Die EU und Großbritannien wollen mit neuen Gesprächen ein drohendes Brexit-Chaos Ende März doch noch abwenden. Vor Ende Februar werde man Bilanz ziehen, vereinbarten Premierministerin Theresa May und EU-Kommissionschef Jean-Claude Juncker am Donnerstag bei einem Treffen in Brüssel. Kanzlerin Angela Merkel mahnte erneut zur Einigung.

Großbritannien will die EU am 29. März verlassen. Weil der ausgehandelte Brexit-Vertrag Mitte Januar im britischen Parlament keine Mehrheit fand, will May Änderungen durchsetzen. Die EU schließt dies jedoch aus. Dabei blieb es auch nach Mays Gespräch mit Juncker.

Beide Seiten hielten jedoch in einer gemeinsamen Erklärung fest, dass sie weiter für einen geregelten Brexit zusammenarbeiten wollen. Dies gelte vor allem mit Blick auf die beidseits gewünschte enge Partnerschaft nach dem Brexit. Trotz aller Schwierigkeiten sollten die Unterhändler beraten, „ob ein Weg gefunden werden kann, der die breitestmögliche Unterstützung im britischen Parlament findet und die Richtlinien des Europäischen Rats respektiert“. May und Juncker wollten sich vor Ende Februar wieder treffen.

Das Gespräch der beiden am Donnerstag beschrieb die gemeinsame Erklärung recht undiplomatisch als „robust“. Am Mittwoch hatte EU-Ratspräsident Donald Tusk mit einer Verbalattacke für Empörung in London gesorgt. Er sagte, auf die ursprünglichen Brexit-Verfechter warte womöglich ein „besonderer Platz in der Hölle“, weil sie keinen Plan für den EU-Austritt gehabt hätten.

Als hohe Hürde für die britische Ratifizierung des Austrittsvertrags gilt der sogenannte Backstop, die vereinbarte Garantie für eine offene Grenze zwischen dem EU-Staat Irland und dem britischen Nordirland. Die EU beharrt darauf, weil eine Teilung der Insel neue politische Gewalt in der früheren Bürgerkriegsregion entfachen könnte. Eine Mehrheit im Unterhaus hatte zuletzt für „alternative Regelungen“ gestimmt.

May habe Juncker erläutert, warum das Parlament eine rechtlich verbindliche Änderung des Backstops wolle, hieß es in der Erklärung. Die Premierministerin habe verschiedene Optionen dargelegt, mit diesen Bedenken umzugehen. Juncker habe jedoch bekräftigt, dass die übrigen 27 EU-Staaten das Austrittsabkommen nicht mehr aufmachen würden.

Die EU dringt auf eine andere Lösung: May soll ihren Widerstand gegen eine dauerhafte Zollunion und eine Anbindung an den EU-Binnenmarkt nach dem Brexit aufgeben. Unter diesen Umständen könnte die irische Grenze offen bleiben, und der Backstop würde nie gebraucht. Dies könnte ohne Änderung des eigentlichen Abkommens in einer politischen Erklärung festgeschrieben werden.

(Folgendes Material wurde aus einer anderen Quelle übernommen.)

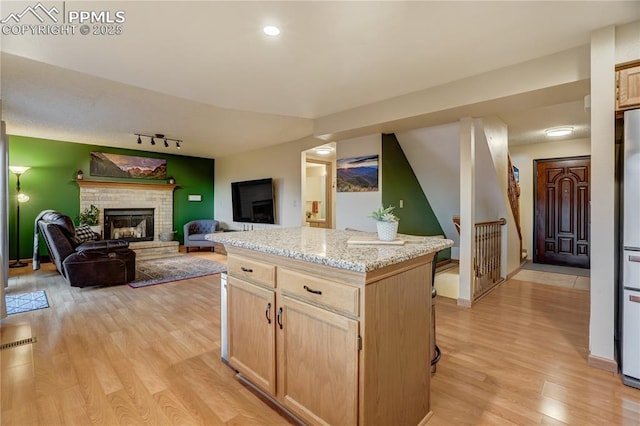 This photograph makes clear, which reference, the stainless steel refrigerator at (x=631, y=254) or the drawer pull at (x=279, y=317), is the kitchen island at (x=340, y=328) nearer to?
the drawer pull at (x=279, y=317)

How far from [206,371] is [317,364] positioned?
1.16 metres

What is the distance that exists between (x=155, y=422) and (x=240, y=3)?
2536 millimetres

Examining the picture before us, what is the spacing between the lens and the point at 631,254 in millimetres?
2074

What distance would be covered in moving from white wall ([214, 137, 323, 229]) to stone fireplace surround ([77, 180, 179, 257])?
1376 mm

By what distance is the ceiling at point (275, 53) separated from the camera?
2.03 meters

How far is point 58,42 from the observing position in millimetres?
2400

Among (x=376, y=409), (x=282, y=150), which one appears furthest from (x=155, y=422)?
(x=282, y=150)

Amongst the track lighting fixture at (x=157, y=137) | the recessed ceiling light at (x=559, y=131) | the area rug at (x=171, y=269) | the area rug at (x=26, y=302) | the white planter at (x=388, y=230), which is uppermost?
the track lighting fixture at (x=157, y=137)

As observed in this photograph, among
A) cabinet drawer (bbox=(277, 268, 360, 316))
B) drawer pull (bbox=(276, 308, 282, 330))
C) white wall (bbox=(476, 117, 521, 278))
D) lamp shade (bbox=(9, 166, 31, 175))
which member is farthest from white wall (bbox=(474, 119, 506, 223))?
lamp shade (bbox=(9, 166, 31, 175))

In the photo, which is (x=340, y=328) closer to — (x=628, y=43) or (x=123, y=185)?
(x=628, y=43)

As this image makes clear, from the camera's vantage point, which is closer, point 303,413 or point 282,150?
point 303,413

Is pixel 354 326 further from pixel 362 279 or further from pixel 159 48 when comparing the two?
pixel 159 48

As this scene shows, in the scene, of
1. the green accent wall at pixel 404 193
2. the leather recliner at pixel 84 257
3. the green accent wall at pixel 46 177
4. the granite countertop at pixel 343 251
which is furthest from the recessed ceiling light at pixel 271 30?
the green accent wall at pixel 46 177

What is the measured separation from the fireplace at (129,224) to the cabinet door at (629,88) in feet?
27.6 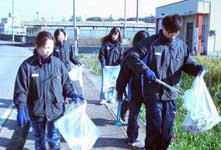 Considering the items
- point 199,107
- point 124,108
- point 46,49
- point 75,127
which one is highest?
point 46,49

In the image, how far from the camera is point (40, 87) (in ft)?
15.4

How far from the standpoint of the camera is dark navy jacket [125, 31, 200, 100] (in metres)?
4.75

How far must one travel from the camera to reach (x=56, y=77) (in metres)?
4.73

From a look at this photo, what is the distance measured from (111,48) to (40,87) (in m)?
4.31

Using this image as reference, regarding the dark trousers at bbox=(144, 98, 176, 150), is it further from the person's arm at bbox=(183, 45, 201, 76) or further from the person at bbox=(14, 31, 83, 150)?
the person at bbox=(14, 31, 83, 150)

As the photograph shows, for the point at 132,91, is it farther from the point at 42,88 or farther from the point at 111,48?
the point at 111,48

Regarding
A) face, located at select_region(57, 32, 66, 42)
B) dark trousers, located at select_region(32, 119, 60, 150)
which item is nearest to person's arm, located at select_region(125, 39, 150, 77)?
dark trousers, located at select_region(32, 119, 60, 150)

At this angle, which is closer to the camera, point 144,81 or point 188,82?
point 144,81

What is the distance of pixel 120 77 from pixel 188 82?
5533mm

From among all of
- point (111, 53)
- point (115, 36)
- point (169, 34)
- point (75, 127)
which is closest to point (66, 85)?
point (75, 127)

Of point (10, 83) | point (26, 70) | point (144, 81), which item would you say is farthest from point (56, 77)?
point (10, 83)

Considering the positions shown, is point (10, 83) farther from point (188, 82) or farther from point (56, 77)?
point (56, 77)

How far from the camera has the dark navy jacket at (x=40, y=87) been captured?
463 cm

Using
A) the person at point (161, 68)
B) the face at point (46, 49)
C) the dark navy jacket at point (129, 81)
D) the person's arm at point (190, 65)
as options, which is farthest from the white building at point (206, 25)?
the face at point (46, 49) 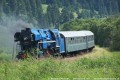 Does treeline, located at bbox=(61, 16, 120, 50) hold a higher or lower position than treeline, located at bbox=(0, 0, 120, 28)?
higher

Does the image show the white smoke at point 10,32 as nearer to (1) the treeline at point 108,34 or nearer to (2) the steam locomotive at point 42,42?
(2) the steam locomotive at point 42,42

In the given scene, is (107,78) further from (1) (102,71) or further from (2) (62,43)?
(2) (62,43)

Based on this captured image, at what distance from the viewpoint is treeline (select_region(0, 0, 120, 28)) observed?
134125 millimetres

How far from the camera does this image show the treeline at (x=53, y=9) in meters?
134

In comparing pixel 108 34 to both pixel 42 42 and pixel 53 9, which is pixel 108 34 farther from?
pixel 53 9

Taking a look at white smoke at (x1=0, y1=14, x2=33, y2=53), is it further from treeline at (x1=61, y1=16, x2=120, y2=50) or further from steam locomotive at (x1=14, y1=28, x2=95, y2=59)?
treeline at (x1=61, y1=16, x2=120, y2=50)

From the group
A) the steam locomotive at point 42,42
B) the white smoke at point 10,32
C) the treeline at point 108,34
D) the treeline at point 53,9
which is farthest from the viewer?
the treeline at point 53,9

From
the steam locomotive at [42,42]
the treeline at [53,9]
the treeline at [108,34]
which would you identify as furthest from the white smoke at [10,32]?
the treeline at [53,9]

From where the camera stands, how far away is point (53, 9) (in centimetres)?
15450

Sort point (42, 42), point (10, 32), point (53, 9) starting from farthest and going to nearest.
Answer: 1. point (53, 9)
2. point (10, 32)
3. point (42, 42)

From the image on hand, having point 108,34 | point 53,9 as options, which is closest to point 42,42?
point 108,34

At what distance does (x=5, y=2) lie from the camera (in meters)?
140

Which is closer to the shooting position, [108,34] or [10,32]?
[10,32]

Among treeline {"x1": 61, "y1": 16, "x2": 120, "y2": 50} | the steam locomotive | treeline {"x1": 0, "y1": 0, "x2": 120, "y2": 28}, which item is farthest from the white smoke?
treeline {"x1": 0, "y1": 0, "x2": 120, "y2": 28} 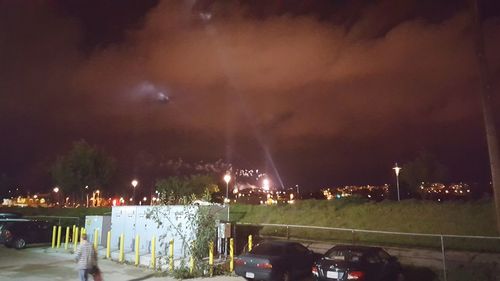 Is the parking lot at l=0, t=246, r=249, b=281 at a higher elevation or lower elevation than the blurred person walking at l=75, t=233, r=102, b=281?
lower

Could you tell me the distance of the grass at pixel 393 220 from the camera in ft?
69.0

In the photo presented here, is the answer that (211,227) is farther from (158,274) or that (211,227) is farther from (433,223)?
(433,223)

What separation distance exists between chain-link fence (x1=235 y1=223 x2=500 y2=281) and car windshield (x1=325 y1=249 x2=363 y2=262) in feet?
10.1

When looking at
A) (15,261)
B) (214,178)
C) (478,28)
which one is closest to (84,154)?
(214,178)

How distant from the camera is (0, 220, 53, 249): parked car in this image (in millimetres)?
25625

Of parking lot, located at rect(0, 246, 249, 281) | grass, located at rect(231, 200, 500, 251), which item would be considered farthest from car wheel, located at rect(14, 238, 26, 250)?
grass, located at rect(231, 200, 500, 251)

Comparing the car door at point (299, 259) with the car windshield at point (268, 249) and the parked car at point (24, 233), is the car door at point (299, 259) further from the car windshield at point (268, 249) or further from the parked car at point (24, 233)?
the parked car at point (24, 233)

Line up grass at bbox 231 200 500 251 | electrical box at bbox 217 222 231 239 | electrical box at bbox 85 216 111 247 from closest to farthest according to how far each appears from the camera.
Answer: electrical box at bbox 217 222 231 239
grass at bbox 231 200 500 251
electrical box at bbox 85 216 111 247

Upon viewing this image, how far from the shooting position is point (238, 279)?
15461 millimetres

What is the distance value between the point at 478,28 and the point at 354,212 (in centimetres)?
1285

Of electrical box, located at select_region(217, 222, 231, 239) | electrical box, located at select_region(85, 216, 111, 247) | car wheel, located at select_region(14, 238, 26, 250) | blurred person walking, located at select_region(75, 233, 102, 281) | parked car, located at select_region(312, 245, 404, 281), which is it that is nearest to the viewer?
blurred person walking, located at select_region(75, 233, 102, 281)

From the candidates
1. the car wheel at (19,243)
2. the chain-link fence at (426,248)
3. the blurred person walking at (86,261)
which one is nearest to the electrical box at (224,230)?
the chain-link fence at (426,248)

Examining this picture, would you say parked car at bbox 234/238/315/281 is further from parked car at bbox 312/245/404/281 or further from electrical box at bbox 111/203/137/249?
electrical box at bbox 111/203/137/249

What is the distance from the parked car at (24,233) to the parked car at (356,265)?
18.9m
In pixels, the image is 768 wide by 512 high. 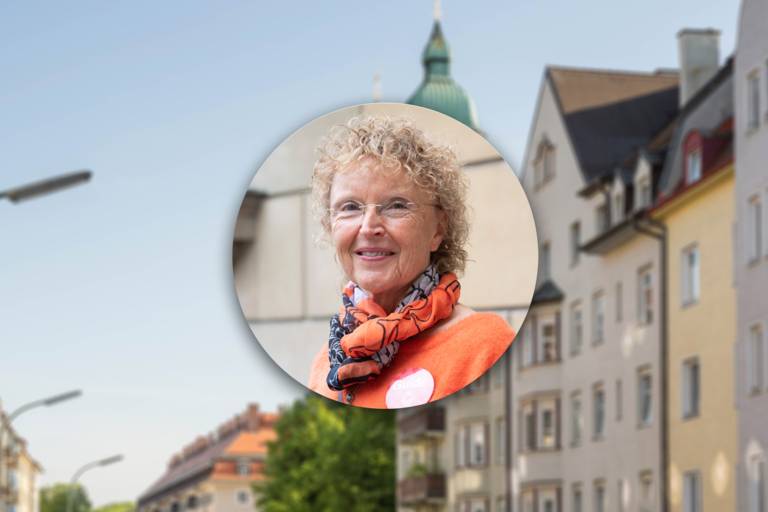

Diese Linie verfolgte Juncker der Erklärung zufolge auch im Gespräch mit May.

Bundeskanzlerin Merkel bekräftigte in Bratislava, dass aus ihrer Sicht eine Einigung ohne Öffnung des Austrittsabkommens möglich sei. Man wolle alles tun, was möglich sei, um einen geordneten Brexit zu erreichen. Dabei müsse die EU auf die Integrität ihres Binnenmarktes achten und ihr Mitglied Irland schützen.

May will sich auf Zollunion und Anbindung an den Binnenmarkt bisher nicht einlassen. Der britische Oppositionsführer Jeremy Corbyn sprach sich jedoch genau für eine solche Lösung aus und stellte in dem Fall die Unterstützung seiner Labour-Partei für Mays Brexit in Aussicht. Damit dürfte der Druck auf May wachsen, ihre Position zu überdenken.

„Wir glauben, dass eine Zollunion notwendig ist, um den reibungslosen Handel zu gewährleisten, den unsere Unternehmen, Arbeitnehmer und Verbraucher benötigen“, erklärte Corbyn in einem Brief an May. „Sie ist der einzige gangbare Weg, um sicherzustellen, dass es auf der irischen Insel keine harte Grenze gibt.“

Das Brexit-Abkommen regelt die Bedingungen der Trennung. Vor allem aber verspricht es eine Übergangsfrist bis mindestens Ende 2020, in der sich praktisch nichts ändern soll. Ohne Vertrag entfiele dies. Befürchtet werden wirtschaftliche Verwerfungen und Unsicherheit für Millionen Bürger.